دیدگاه
The recent events at the Boeing and Volkswagen plants are tragic examples of the challenges facing labor and the left, more generally. The reasons for the concessions, in the case of Boeing, and the organizing defeat, in the case of Volkswagen, are not political or social factors unique to the individual states, but long developing currents in the class struggle between capital and labor. They are, in a sense, a culmination of capitals total capture of the state, and the neoliberal economics that have come out of this. To understand labors challenges and its future, an understanding of the current situation is critical.
There are two perspectives that historians usually take when discussing the New Deal Era. The conservative approach is to understand it as fixing a peripheral flaw in capitalism, that is, a fine tuning of the correct balance between ‘economic freedom” and government intervention (fiscal policy). The more revisionist account is to see the New Deal Era as a serious of reforms and government programs that, in some sense, ‘saved capitalism’ from its own contradictions. The contradictions are not in the internal sense of Marx’s ‘realization crisis,” but the fact that with the staggering inequality capitalism produces, the workers will inevitably seek to change the relations between capital and labor. This is what is commonly associated with Roosevelt and the bargain he struck with business at the time. In essence, ‘you do this or they are going to pursue even more radical reforms.’ Now, not without its flaws, the revisionist account does provide a plausible framework of discussing the time period, in that, the reforms and programs instituted can be characterized as’ pressure valves’ that sought to capture the massive popular discontent into an legal and institutional framework. Instead, of a fundamental reorganization of societal relationships, steps were taken to alleviate some of capitalism’s most onerous effects.
This is certainly most clear in the case of the National Labor Relations Act.

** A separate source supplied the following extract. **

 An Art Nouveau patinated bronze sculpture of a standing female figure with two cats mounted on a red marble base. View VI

Its very purpose states quite clearly its commitment to maintaining the legal rights of property. Its casts the relationship between labor and capital in the typical contractual arrangement, enshrining the rights of property, while also seeking to rectify the improper balance of power between labor and capital in their bargaining relationship. So the bill did not seek a radical change in the relationship between capital and labor, but reform in the bargaining position between the parties. It acknowledges that without organized labor, capital was in a position to exert massive power over an individual; in effect, an employment contract took more the forms characteristic to duress than a ‘meeting of the minds.’ By alleviating this bargaining relationship, the two the parties could meet on equal terms and through mutual processes come to an employment agreement that benefited them each.
The envisioning of the Wagner Act and its language, was taken primarily from previous bills such as: Roosevelt’s National Income Recovery Act, The Norris LaGuardia Act, and the its most heavily relied upon source: the National War Labor Board, where the Wagner Act’s language is taken straight from it. (Interestingly, the passage of the NWLB, which is many ways diffused much of popular discontent during the time period, was more on account of the need for industrial production during Work War I free from labor disputes. Perhaps if there had been no war, government may never have taken these initial reformist actions and possibly, would have resulted in more fundamental change.)

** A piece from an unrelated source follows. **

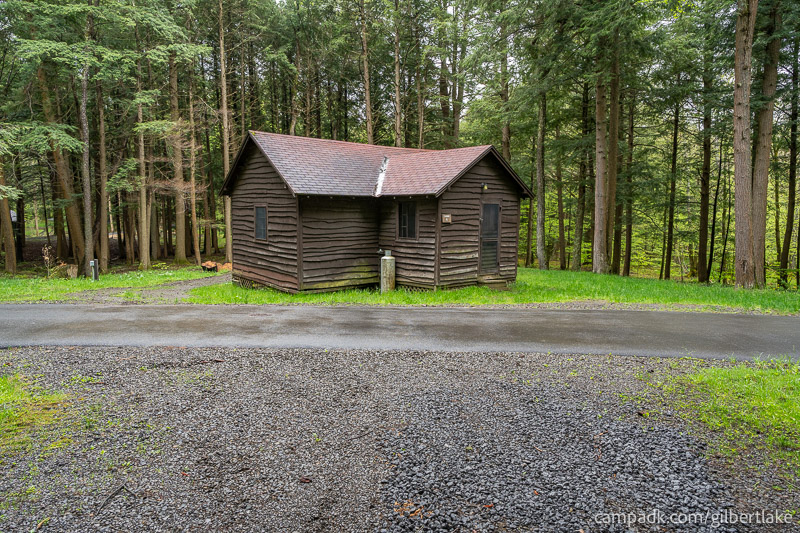 Campsite Photo of Site 4 at Gilbert Lake State Park, New York - Looking at Site from Road Sign Visible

For a time the grueling class war that had been waging, since the late nineteenth and early twentieth century, was in someways mitigated. The NLWB served as a model to ensure the smooth functioning of the economy through wartime, and the Wagner Act in many ways sent a message to the business community that they had to play ball, even during peacetime. The AFL and the CIO grew exponentially during this time, and by the 1950’s unionized labor was near thirty percent of the population. But elites were quick to combat the progressive legislation. Among the the Republicans and the business community there was fierce opposition to the Act. Almost immediately it was brought before the Supreme Court in the case of Jones Steel. Thankfully, unlike the NIRA, which was struck down, the NLRA was upheld, but this didn’t limit the power of the Supreme Court through the decades to slowly unravel any power the Act held though a series of pro-business decisions.
“Buyer and Seller”
The main opposition to the Wagner Act by the business community was that it was not neutral. It was a pro-labor piece of legislation that conferred a variety of protections to labor organizing and collective bargaining, without conferring protections to the employer, as well. But this attitude reflects a fundamental misunderstanding between the relationship between labor and capital and the very purpose of the bill, because it was meant to rectify the improper bargaining relationship between the two parties by being pro-labor. Legal rights and protections were already pro-business. State protection, patent rights, property rights, incorporation rights and liability shields are but a few privileges that business enjoyed. So to believe that the act needed to be neutral by conferring rights to both labor and capital was especially ironic, since it would distil any purpose for the Act in the first place.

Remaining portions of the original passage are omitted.